The Samsung Galaxy S4 is going to pack a memory card slot, the Sony Xperia Z manages to do so – so come on HTC, what gives? You can make the case that people don’t need it, but when a video package is so easy to create yet munches 0.5GB of the addressable memory (which is already lower than the 32GB advertised thanks to the OS) and you can see a problem coming. Please don’t let’s see a repeat of the situation where apps can’t be installed due to storage size.
It’s even more annoying that HTC has outed versions of the One in China and Japan with a removable backplate, and the HTC One Max has the trick too – showing that the aluminium design can stay (albeit not as sleek) while bringing the microSD expandable memory.
One of the key features of any Full HD phones these days has to be the performance of the video player, and to that end, most are successful. The Sony Xperia Z1 uses the Bravia Engine 2 to bring clear, crisp images; the LG G2 offers bonkers levels of clarity, brightness and colour saturation. And of course Samsung is going to continue with the like it or hate it HD Super AMOLED screen.
So why does the HTC One, with a perfectly bright and capable screen, not manage to play movies back very well?
We downloaded The Amazing Spiderman from its HTC Watch service to check it out in HD, and we were disappointed by the results. The screen was too dark in automatic brightness mode, and when turned up full, sucked the battery at a horrendously fast rate.
There was also a big issue with the sound falling out of sync quickly on the Watch video, but that’s more to do with the quality of that service than anything else – if you’re looking for movies, Google’s Play Store is a better bet, but doesn’t have the same depth of catalogue.
Also, while the range of codecs you can use is impressive on the HTC One, including AVI (but not DivX) there’s actually no obvious way to play them.

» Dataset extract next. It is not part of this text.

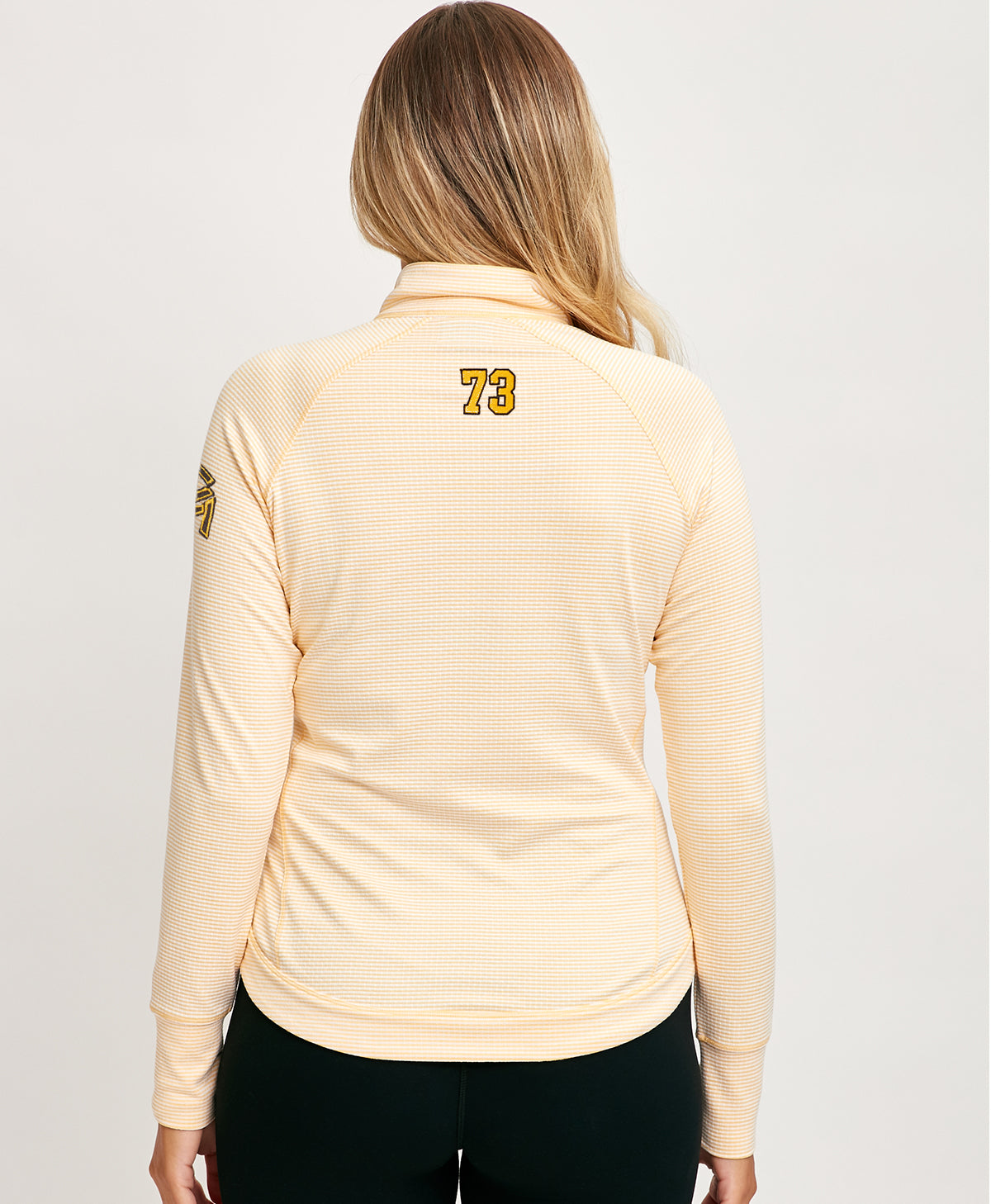 Ladies Charlie McAvoy Half Zip Pullover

Really – unless you want to dive through the HTC TV app or the Google Play Movies function, you’ll have to download a dedicated player to achieve your goals. The videos don’t even show normally in the Gallery – and all this despite HTC telling us that it will be bringing the ability to play back your own clips through the Watch app.
It’s like the Taiwanese firm doesn’t want you watching videos on the HTC One.
If you’ve got a bright enough scene on show, the HTC One can play it back smoothly and crisply. However, take it down a notch in brightness and suddenly you’re struggling – it’s not a deal breaker, but really, we expected better from a flagship phone.
HTC has thrown a new feature on the One in the shape of a new TV app, as well as an infra red blaster that shoots out TV-controlling rays from the power button.
It’s a concept we were, like BlinkFeed, initially quite sceptical about, simply because history has taught us that these apps are usually gimmicks that only serve the country of production. Well, once again, our opinion has been changed by the launch of the HTC One.
The HTC TV app won’t appeal to all, but those that take the time to set up the phone to control a TV, DVD / Blu-ray player, set-top box or audio system will get a real treat, and no matter your territory there’s something for you.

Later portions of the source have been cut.